In accordance with one embodiment, the present disclosure is directed to a system for starting an engine. The electric drive machine includes a first energy storage device, a plurality of inductive windings of a propulsion motor, a controller, a first plurality of switches associated with a first inverter, a second energy storage device, a second plurality of switches associated with a second inverter, a generator, an engine, and a gear train having a ground engaging system. The first energy storage device may be used to supply electric current to the plurality of inductive windings of a propulsion motor. The controller is configured to regulate the first plurality of switches associated with first inverter to cause a collapse of the accumulated energy in the inductive windings and discharge the inductive windings of electrical energy. The controller can also direct the electrical energy to be stored in the second energy storage device. The controller may also regulate the second plurality of switches to cause a release of the stored electrical energy. The generator, electrically coupled to the second plurality of switches associated with the second inverter, can receive such released electrical energy to start the engine.

In another embodiment, the present disclosure is directed to a method for starting an engine of an electric drive machine. The method includes supplying electric current from a first energy storage device to inductive windings of a propulsion motor. The method also includes accumulating energy in the inductive windings of the propulsion motor based on a magnetic field created when the supplied electric current flows through the inductive windings. Electrical energy is generated by regulating a first plurality of switches associated with a first inverter to cause a collapse of the accumulated energy in the inductive windings. Such electrical energy is stored in a second energy storage device. A controller regulates a second plurality of switches of a second inverter to cause a release of the stored electrical energy. The released electrical energy is supplied to a generator to start the engine.

BRIEF DESCRIPTION OF THE DRAWINGS

FIG. 1 illustrates a schematic diagram of components of an electric drive machine in accordance with one embodiment.

FIG. 2 illustrates in flow-chart form a method of starting an engine of an electric drive machine in accordance with one embodiment.

DETAILED DESCRIPTION

Reference will now be made in detail to exemplary embodiments, which are illustrated in the accompanying drawings. Wherever possible, the same reference numbers will be used throughout the drawings to refer to the same or like parts.
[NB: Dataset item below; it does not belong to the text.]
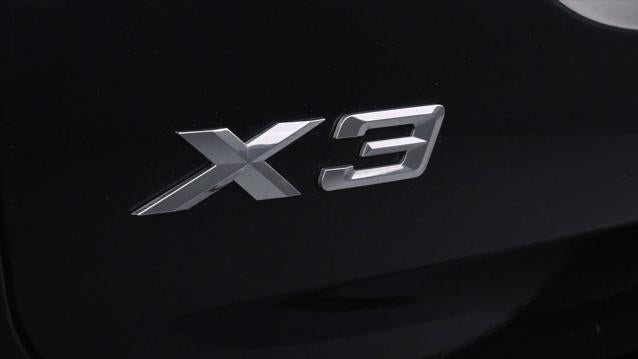2024 BMW X3 sDrive30i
FIG. 1 illustrates a schematic diagram of an electric drive machine in accordance with one embodiment. The electric drive machine 100 may include a first energy storage device 102, a plurality of inductive windings L₁, L₂ and L₃ of a propulsion motor 104, a controller 106, a first inverter 108, a second energy storage device 112 (e.g., a capacitor), a second inverter 110, a generator 114, an engine 116 and gear train 118 having a ground engaging system 119.

The first energy storage device 102 may be used to supply electric current to the plurality of inductive windings L₁, L₂ and L₃ of a propulsion motor 104. The first energy storage device 102 can be a battery of any suitable type. First energy storage device 102 may be configured to provide power to engine 116 when the engine 116 is not running. The first energy storage device 102 may also power other systems and accessories on the electric drive machine 100.

The plurality of inductive windings 104 may be electrically coupled to the first energy storage device 102. The plurality of inductive windings L₁, L₂ and L₃ of the propulsion motor 104 can accumulate energy based on a magnetic field created when the supplied electric current flows through the inductive windings L₁, L₂ and L₃. The inductive windings L₁, L₂ and L₃ can be arranged such that a neutral node of the inductive windings connections is coupled to the first energy storage device 102. Each of the inductive windings L₁, L₂ and L₃ can be connected to a first plurality of switches of the first inverter 108. In some embodiments, the first plurality of switches may be associated with multiple inverters.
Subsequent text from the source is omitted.